As of the census of 2000, there were 573 people, 232 households, and 173 families residing in the town. The population density was 10.0 PD/sqmi. There were 429 housing units at an average density of 7.5 /sqmi. The racial makeup of the town was 98.08% White, 0.17% Native American, 0.87% Asian, 0.35% from other races, and 0.52% from two or more races. Hispanic or Latino of any race were 0.35% of the population.

There were 232 households, out of which 23.3% had children under the age of 18 living with them, 65.9% were married couples living together, 3.4% had a female householder with no husband present, and 25.4% were non-families. 16.8% of all households were made up of individuals, and 6.9% had someone living alone who was 65 years of age or older. The average household size was 2.47 and the average family size was 2.80.
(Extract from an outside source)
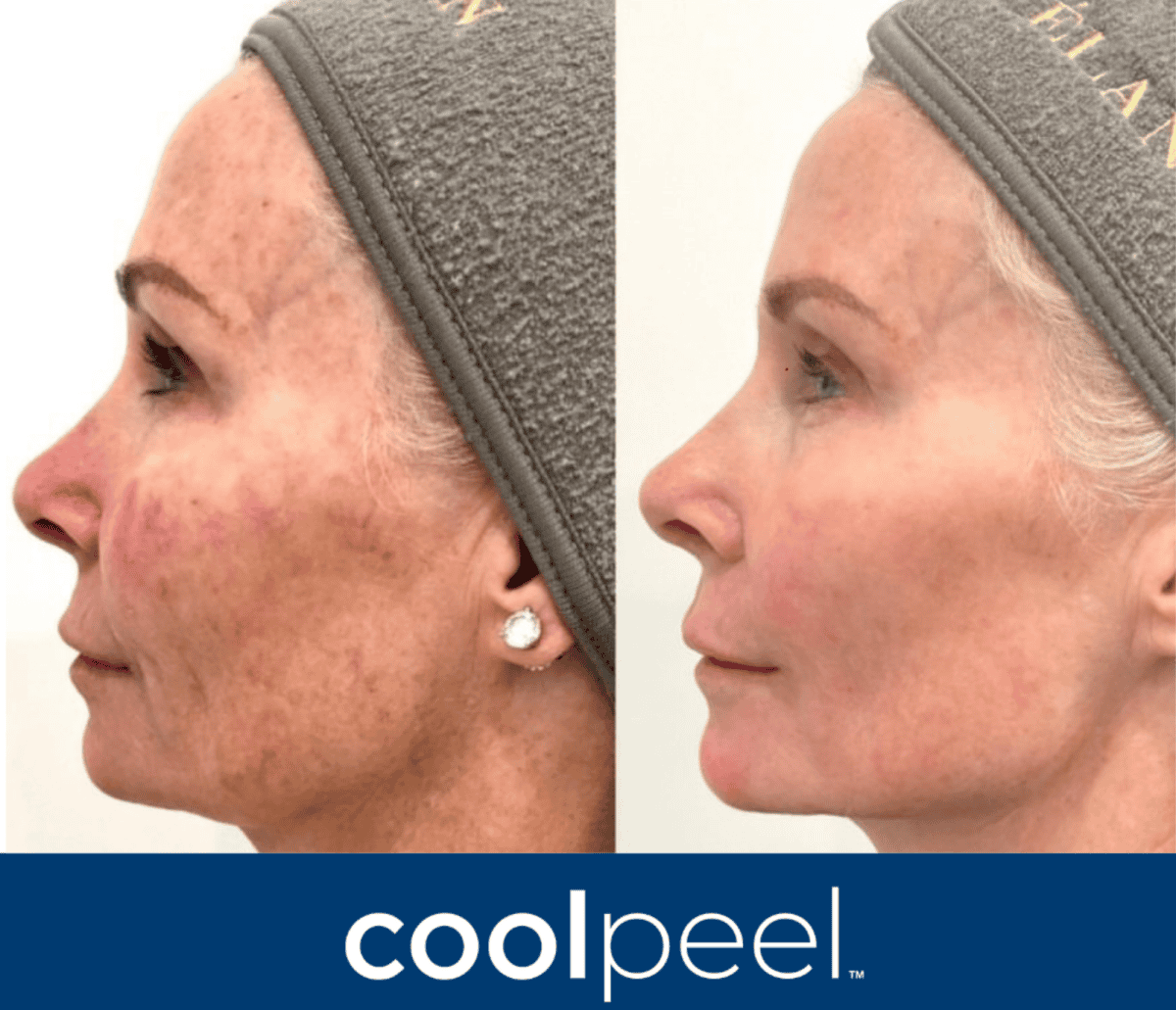 Ultimate duo treatment,CoolPeel and RF microneedling combo,skin resurfacing Atlanta,RF microneedling with laser,best treatment for texture and wrinkles,CoolPeel vs RF microneedling,non-surgical skin tightening,collagen boost facial Atlanta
In the town, the population was spread out, with 19.7% under the age of 18, 6.6% from 18 to 24, 23.6% from 25 to 44, 32.3% from 45 to 64, and 17.8% who were 65 years of age or older. The median age was 45 years. For every 100 females, there were 98.3 males. For every 100 females age 18 and over, there were 104.4 males.
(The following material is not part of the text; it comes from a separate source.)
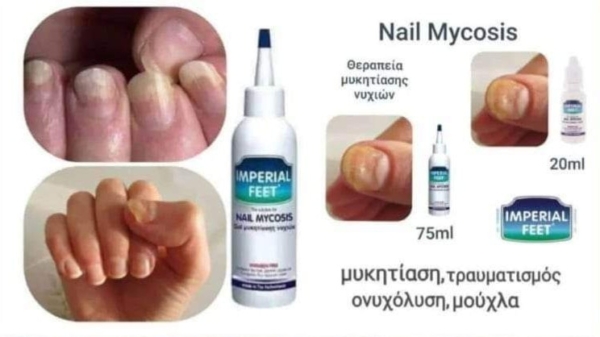 Imperial Feet Nail Mycosis Gel Μυκητίασης Νυχιών 75ml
The median income for a household in the town was $40,000, and the median income for a family was $43,333. Males had a median income of $31,875 versus $22,212 for females. The per capita income for the town was $19,851. About 3.8% of families and 4.2% of the population were below the poverty line, including none of those under age 18 and 5.5% of those age 65 or over.

Historical population
| Census | Pop. | Note | %± |
| 1840 | 346 |  | — |
| 1850 | 510 |  | 47.4% |
| 1860 | 1,062 |  | 108.2% |
| 1870 | 970 |  | −8.7% |
| 1880 | 1,046 |  | 7.8% |
| 1890 | 816 |  | −22.0% |
| 1900 | 603 |  | −26.1% |
| 1910 | 500 |  | −17.1% |
| 1920 | 389 |  | −22.2% |
| 1930 | 202 |  | −48.1% |
| 1940 | 190 |  | −5.9% |
| 1950 | 220 |  | 15.8% |
| 1960 | 245 |  | 11.4% |
| 1970 | 294 |  | 20.0% |
| 1980 | 463 |  | 57.5% |
| 1990 | 515 |  | 11.2% |
| 2000 | 573 |  | 11.3% |
| 2010 | 533 |  | −7.0% |
| 2020 | 545 |  | 2.3% |
U.S. Decennial Census

== Communities and locations in Bleecker ==
- Bleecker - The hamlet of Bleecker in the southeastern part of the town on County Road 112.
- Bleecker Center - A hamlet northwest of Bleecker village on County Road 112.
- Bowlers Corners - A location south of Lindsley Corners, located on County Road 145.
- Chase Lake - A lake in the northeastern section of the town, named after an early settler, William Chase, who built the first grist mill.
- Lindsley Corners - A hamlet northeast of Bleecker village, located on County Road 125. The first house in Bleecker was purportedly constructed here.
- Mountain Lake - A small lake near the southern town line.
- Peck Lake - A large lake in the southwestern part of the town.
- Peters Corners - A hamlet north of Bleecker village, located on County Road 125.
- Pinnacle - A location east of Lindsley Corners; also the name of a mountain in the northwestern part of the town.
- Stony Creek - A stream flowing out the eastern side of Bleecker.
- Vandenburgh Pond - A small lake east of Bleecker village.